Below are entries. Give back exactly the lines from the one containing "Walking my dog" through the one containing "A serene balcony", inclusive, without the pictures.

SUPPLIED INFORMATION.
--
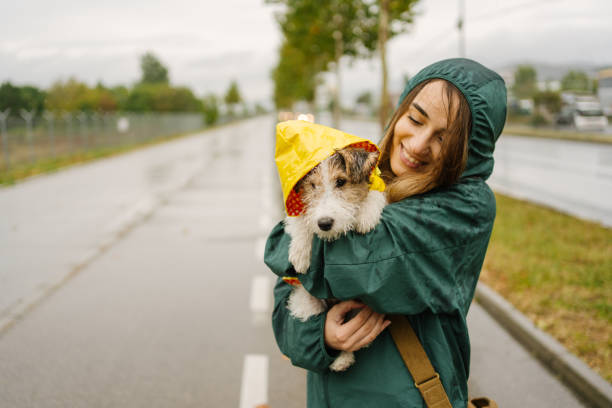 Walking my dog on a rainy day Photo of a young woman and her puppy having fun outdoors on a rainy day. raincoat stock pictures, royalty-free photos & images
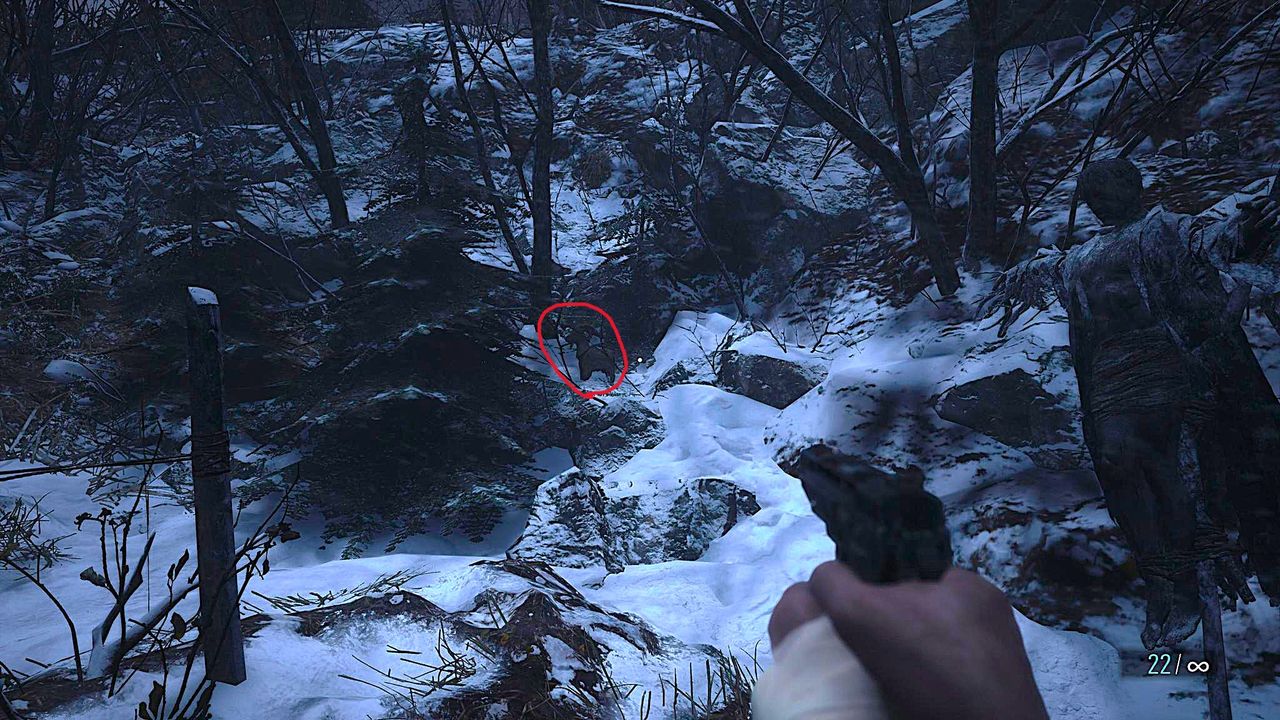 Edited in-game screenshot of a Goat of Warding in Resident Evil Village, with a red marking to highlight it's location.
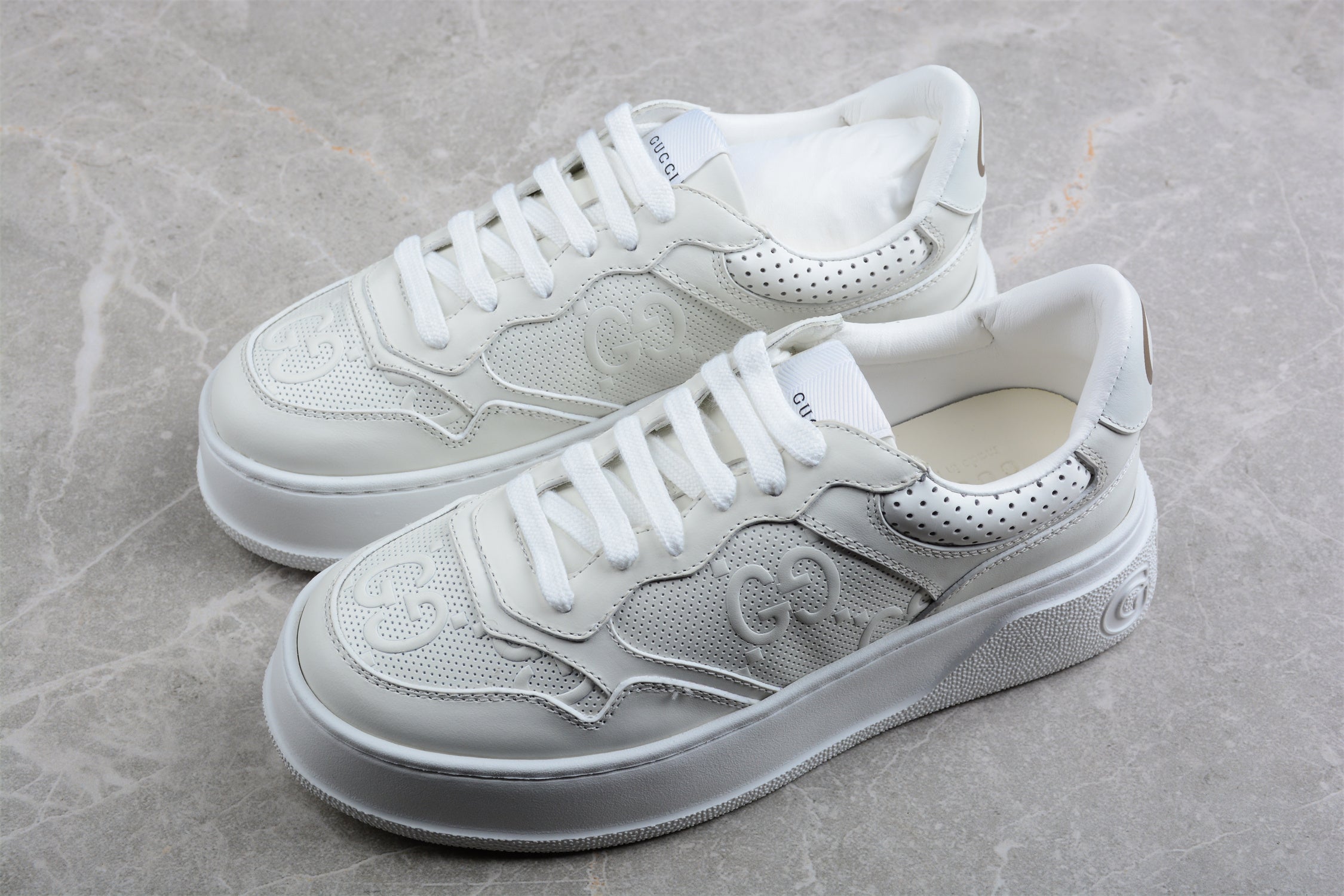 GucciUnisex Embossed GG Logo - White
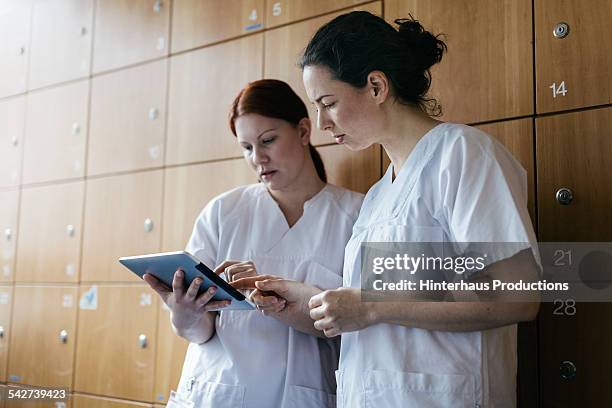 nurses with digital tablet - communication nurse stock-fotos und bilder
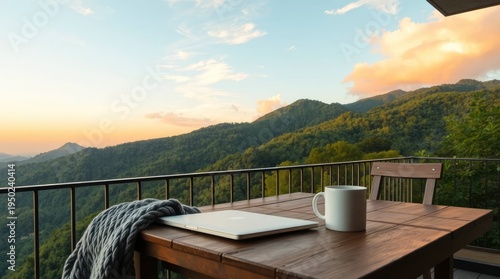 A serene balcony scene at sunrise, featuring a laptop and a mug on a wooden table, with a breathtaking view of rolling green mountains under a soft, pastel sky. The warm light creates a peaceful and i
--
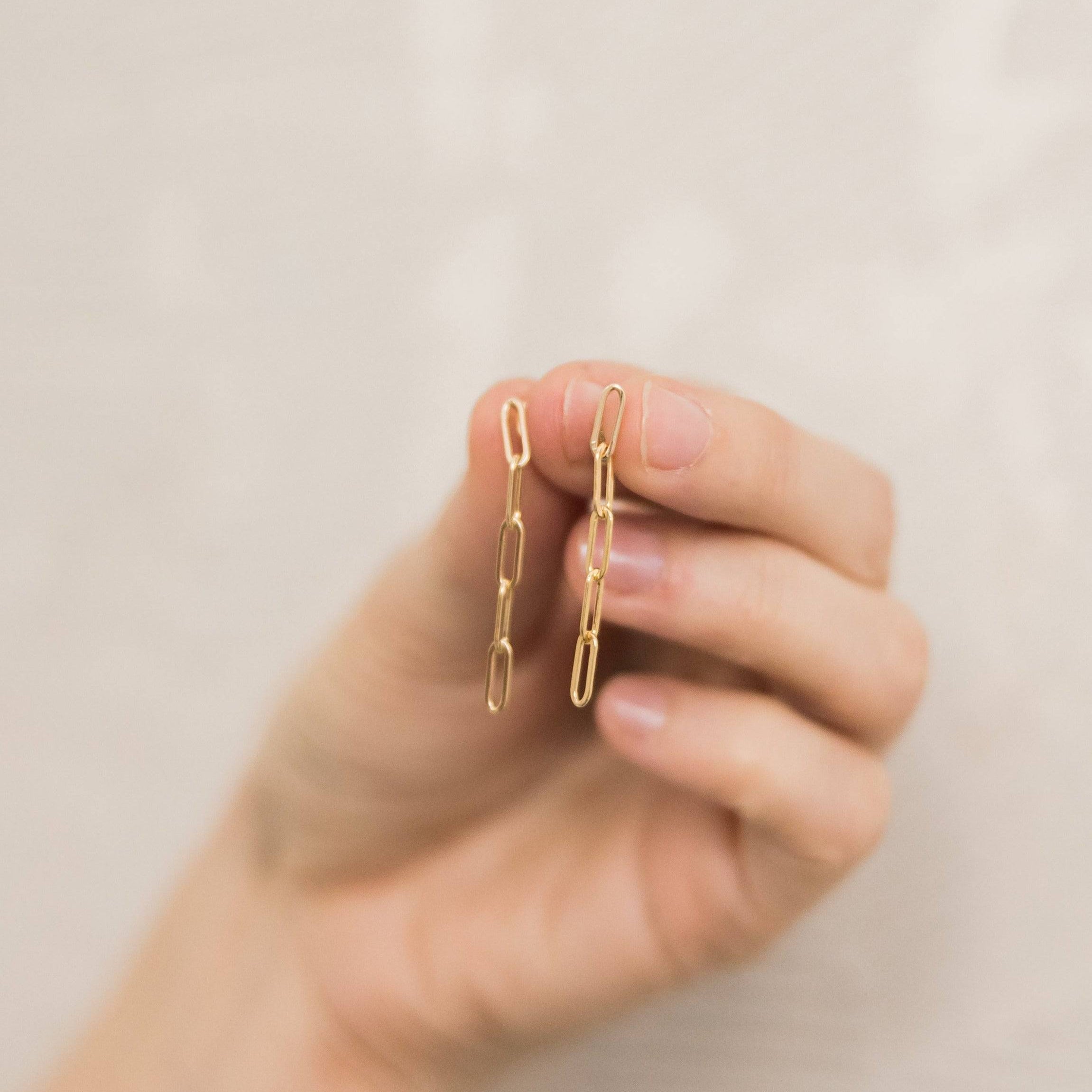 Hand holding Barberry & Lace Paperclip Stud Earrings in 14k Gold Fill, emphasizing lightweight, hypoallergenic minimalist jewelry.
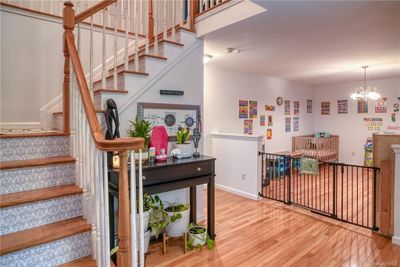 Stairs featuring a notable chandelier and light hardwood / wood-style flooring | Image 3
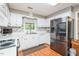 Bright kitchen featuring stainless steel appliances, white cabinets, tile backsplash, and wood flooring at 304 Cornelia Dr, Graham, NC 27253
--
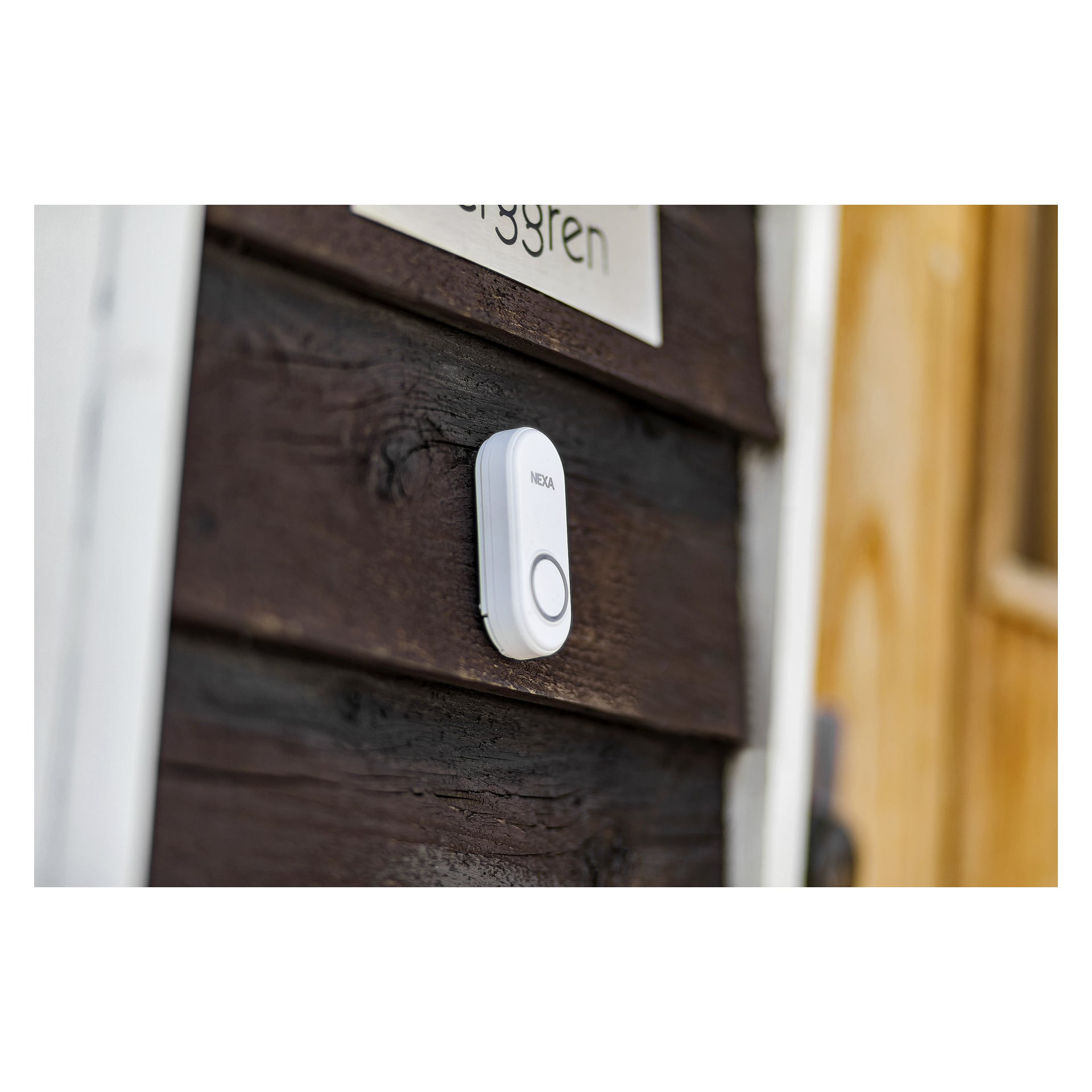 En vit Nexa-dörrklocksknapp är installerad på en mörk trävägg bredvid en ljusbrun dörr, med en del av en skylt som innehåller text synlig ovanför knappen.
--
ANSWER TO THIS EXERCISE.
 Walking my dog on a rainy day Photo of a young woman and her puppy having fun outdoors on a rainy day. raincoat stock pictures, royalty-free photos & images
 Edited in-game screenshot of a Goat of Warding in Resident Evil Village, with a red marking to highlight it's location.
 GucciUnisex Embossed GG Logo - White
 nurses with digital tablet - communication nurse stock-fotos und bilder
 A serene balcony scene at sunrise, featuring a laptop and a mug on a wooden table, with a breathtaking view of rolling green mountains under a soft, pastel sky. The warm light creates a peaceful and i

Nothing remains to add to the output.